Chinooks

From the Catholic Encyclopedia

An aboriginal tribe of the extreme northwest of the United States, which might be adduced as an instance of the baneful effects of our civilization on a people not prepared for it by the influence of religion. Its habitat was the basin of the lower Columbia, from the Dalles to its mouth, except a small area of land on the south bank of the river occupied by a Dene tribe. The family was divided into the Lower and the Upper Chinooks, and they all lived in large houses of wood, each containing several families and forming villages situated, as a rule, on the north side of the Columbia and Willamette rivers. Each village was presided over by a chief, who was independent of all outside influence. A few of these head men attained wealth and enjoyed a consideration unusual among savages. The most prominent of them within historical times was Comcomly, who received the Lewis and Clarke expedition. According to Father De Smet, this man, when at the height of his power, was preceded by 300 slaves whenever he visited Fort Vancouver, "and he used to carpet the ground that he had to traverse, from the main entrance of the fort to the governor's door, several hundred feet, with beaver and otter skins" (Chittenden and Richardson, Life, Letters, and Travels of Father Pierre Jean De Smet, New York, 1905, II, 443). The staple food of the Chinooks was salmon, with a few roots and berries. These people were great traders and, as most maritime races, they used to barter with the interior tribes the objects obtained from white skippers. It seems that even before the advent of the whites on their coast, they were famous for their commercial excursions, which they accomplished in their beautiful high-prowed canoes, reaching as far as Nootka Sound, on Vancouver Island. A stray member of the tribe has been met in the very centre of British Columbia and another at Wrangel, Alaska. These expeditions, bringing into contact people of different tongues, called for a means of communication which was provided in the shape of a jargon originally made up of Chinook and Nootkan words more or less disfigured according to the nationality of the speaker. To this was added, after the coming of the whites, a considerable number of French and English terms, until it became an intertribal idiom of the greatest use to trader and missionary alike.

The Chinooks were somewhat taller than the generality of the coast tribes. They were universally addicted to the custom of deforming the heads of their infants, through the agency of a board secured to the top of the cradle and pressing down the forehead and occiput. Their character was none of the best. Proud and haughty, their notions of honesty, at least as applied to their relations with strangers, were at best rather hazy, and the readiness with which their females fell prey to unprincipled whites does not speak well of their consideration for chastity.
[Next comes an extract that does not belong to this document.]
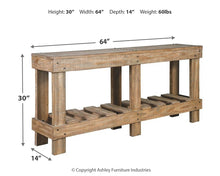 Load image into Gallery viewer, Susandeer Console Sofa Table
Practically their first contact with the whites dates from the visit of Captains Lewis and Clarke in 1805. Their numbers were then estimated at no less than 16,000. Though their first intercourse with the strangers was of a peaceful nature, they lost no opportunity later on to pilfer from the Astorian traders who established themselves among them in 1812. In 1829, however, their arrogance was somewhat curbed by the visitation of an epidemic which carried off four-fifths of their entire population.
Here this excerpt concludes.